DATASET EXTRACT START
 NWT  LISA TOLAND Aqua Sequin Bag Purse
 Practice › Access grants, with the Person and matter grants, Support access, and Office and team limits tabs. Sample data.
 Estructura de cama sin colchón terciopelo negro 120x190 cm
DATASET EXTRACT END
EXERCISE OBJECTIVE ▸
Without omitting anything, retype all of the material above exactly.

OUTPUT BELOW ▸
 NWT  LISA TOLAND Aqua Sequin Bag Purse
 Practice › Access grants, with the Person and matter grants, Support access, and Office and team limits tabs. Sample data.
 Estructura de cama sin colchón terciopelo negro 120x190 cm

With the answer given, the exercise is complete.